Defensive stocks are suffering today, with money reverting to homeworking and tech stocks.
SPDR Utilities Select Sector ETF (NYSEARCA: XLU) is the worst performing sector, down 1.5%, followed by the SDPR Consumer Staples Sector ETF (NYSEARCA: XLP), discount 1.25%.
REITs are particularly weak. The Vanguard Real Estate ETF (NYSEARCA: VNQ) it is down 1.4%. The real estate sector SPDR ETF (NYSEARCA: XLRE) it is falling 1%.
Among the office REITs, Office Trust Income Trust (NASDAQ: OPI) it is down 3.7%, with the city office (NYSE: CIO) down 0.7%, SL Green (NYSE: SLG) 5% discount and tormented (NYSE: VNO) down 4.8%.
Retail REITs were disabled, with EPR Properties (NYSE: EPR) down 2.9%, Simon Property Group (NYSE: SPG) off 2.9% and wealth growth (NYSE: SRG) 5.6% discount.
Healthcare REITs also had problems. The Janus Detroit Street Trust Long-Term Care ETF (NASDAQ: OLD) it is down 1%. Welltower (NYSE: OK) it is down 3.5%, Healthpeak Properties (NYSE: PEAK) it is down 5.3% and sales (NYSE: VTR) 5.4% discount.
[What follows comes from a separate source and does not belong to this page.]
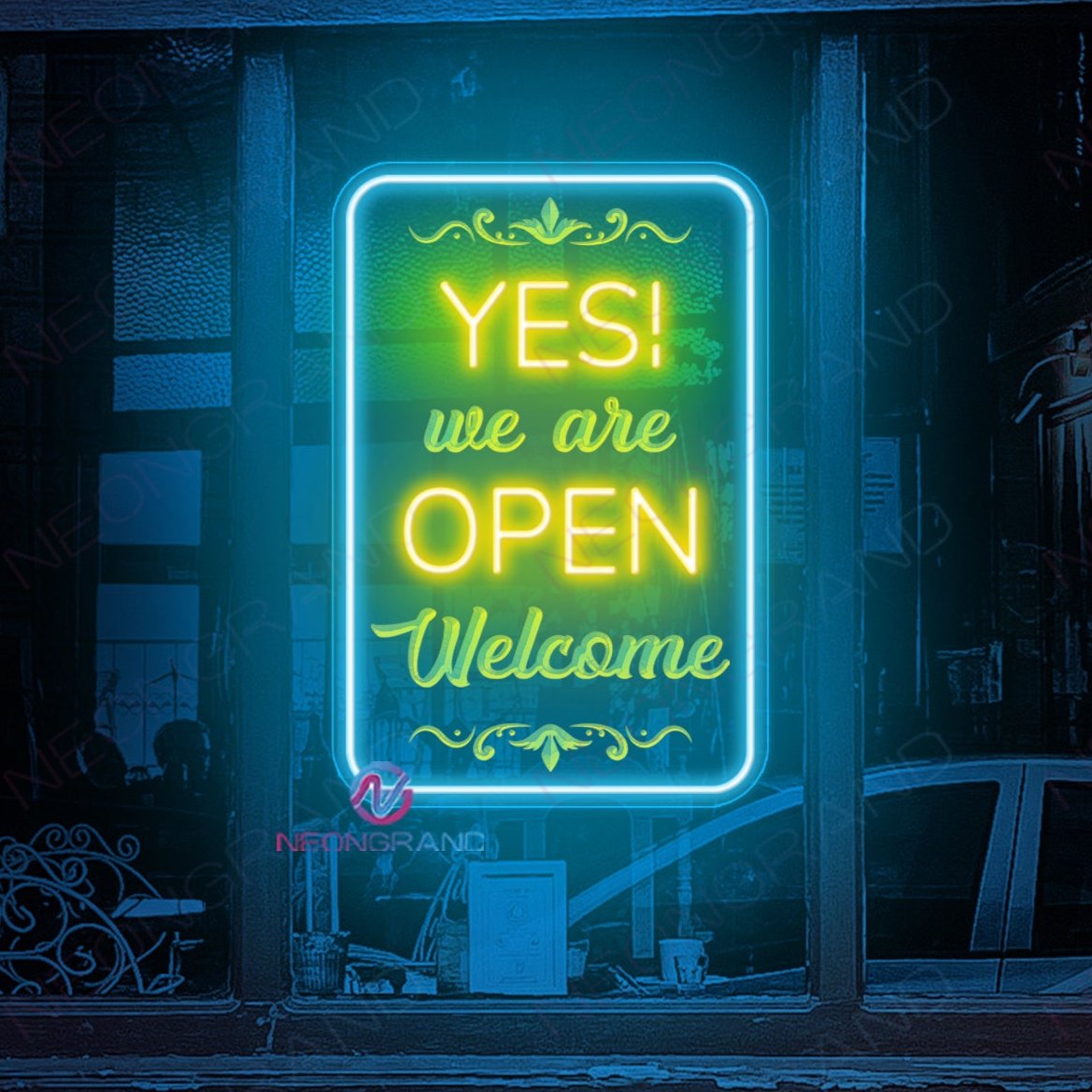 Yes, We Are Open Welcome Neon Sign Engraving LED Light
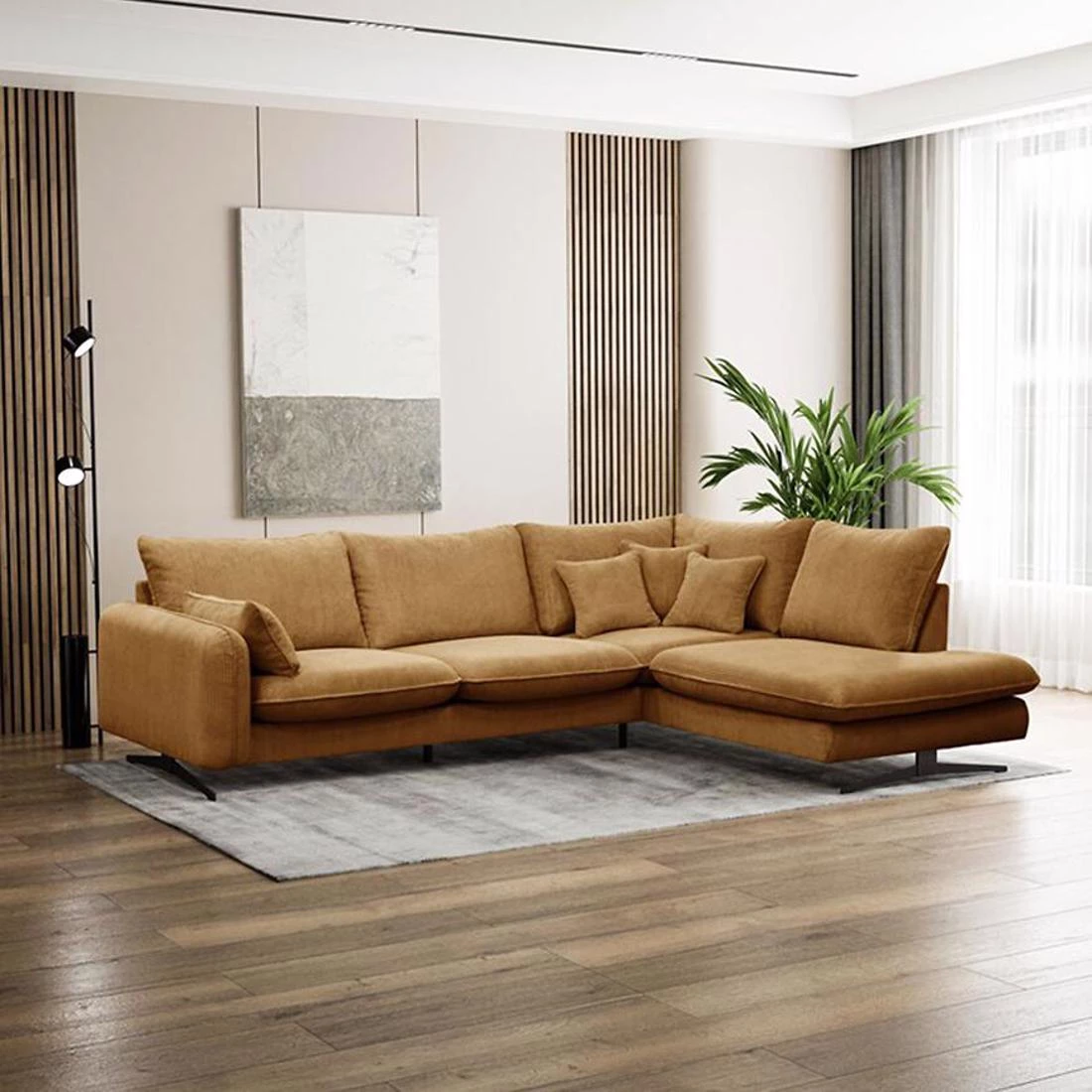 Prince L Poso 01 kutna garnitura 315x225x90 cm senf desna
Megacaps and techs lead the broader market during midday, while the Nasdaq has superior performance.
Amazon (NASDAQ: AMZN) it is 5.6% increase, picking up some losses from last week when it fell for five straight sessions. The stock received a sell-side boost as Goldman and Jefferies raised their price targets to $ 3,800. Goldman said the shift in demand to online shopping could “stay high in the coming quarters.”
The SPDR Information Technology Sector ETF (NYSEARCA: XLK) leads the sectors, up to 1.6%.
XLRE is discount 4.3% in the last month, compared to a 3.2% profit at the S&P. The sector began to lose more ground against the overall market around July 1.